With pictures left out, return only the lines from the line containing "喝紫酒可以減肥嗎？怎么喝紫酒可以減肥？" through the end of the material below, both included.

--*--

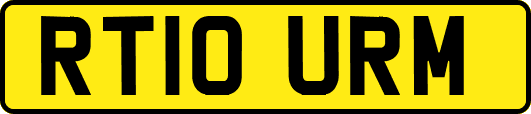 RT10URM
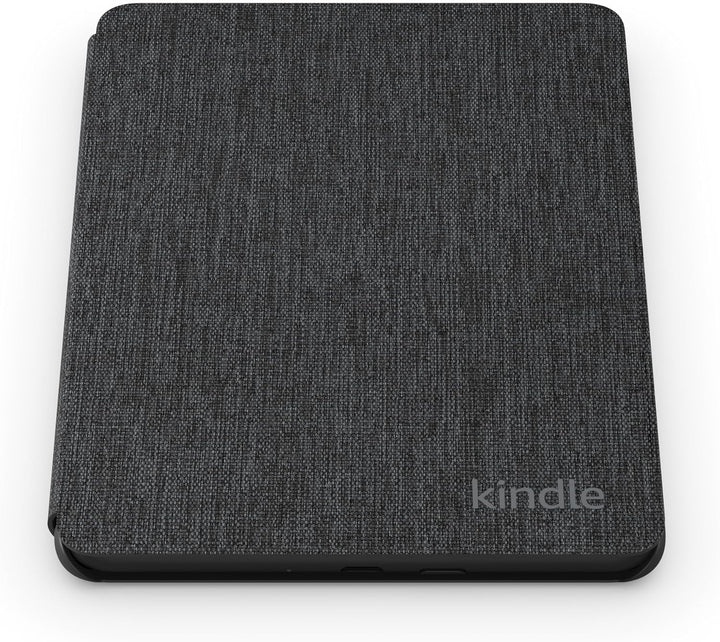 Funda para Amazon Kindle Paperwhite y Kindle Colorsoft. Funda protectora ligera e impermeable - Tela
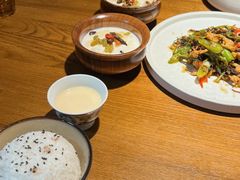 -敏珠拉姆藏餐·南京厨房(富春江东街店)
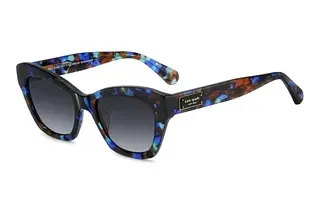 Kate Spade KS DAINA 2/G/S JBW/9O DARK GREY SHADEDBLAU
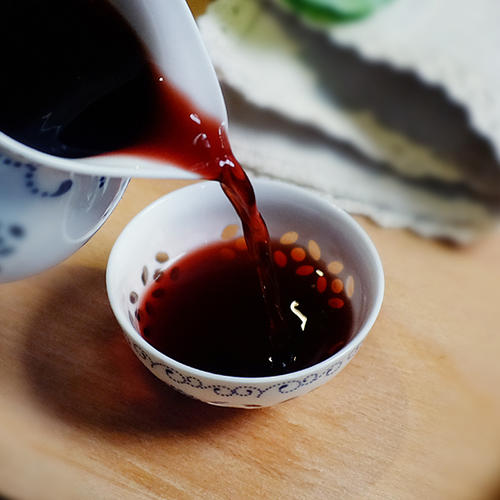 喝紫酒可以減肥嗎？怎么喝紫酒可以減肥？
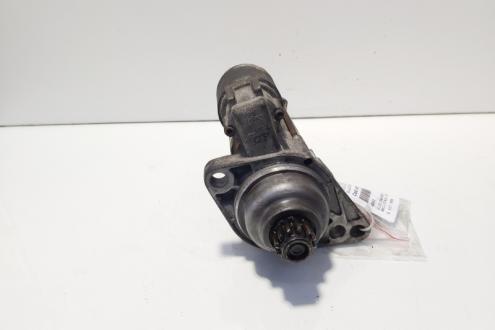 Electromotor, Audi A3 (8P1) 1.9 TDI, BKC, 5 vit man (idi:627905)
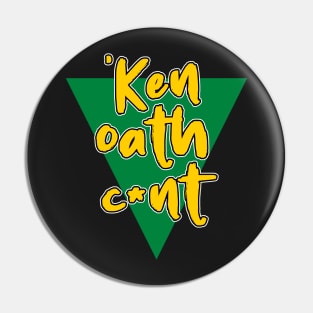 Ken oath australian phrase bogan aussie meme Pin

--*--

SOLUTION TO THIS EXERCISE:
 喝紫酒可以減肥嗎？怎么喝紫酒可以減肥？
 Electromotor, Audi A3 (8P1) 1.9 TDI, BKC, 5 vit man (idi:627905)
 Ken oath australian phrase bogan aussie meme Pin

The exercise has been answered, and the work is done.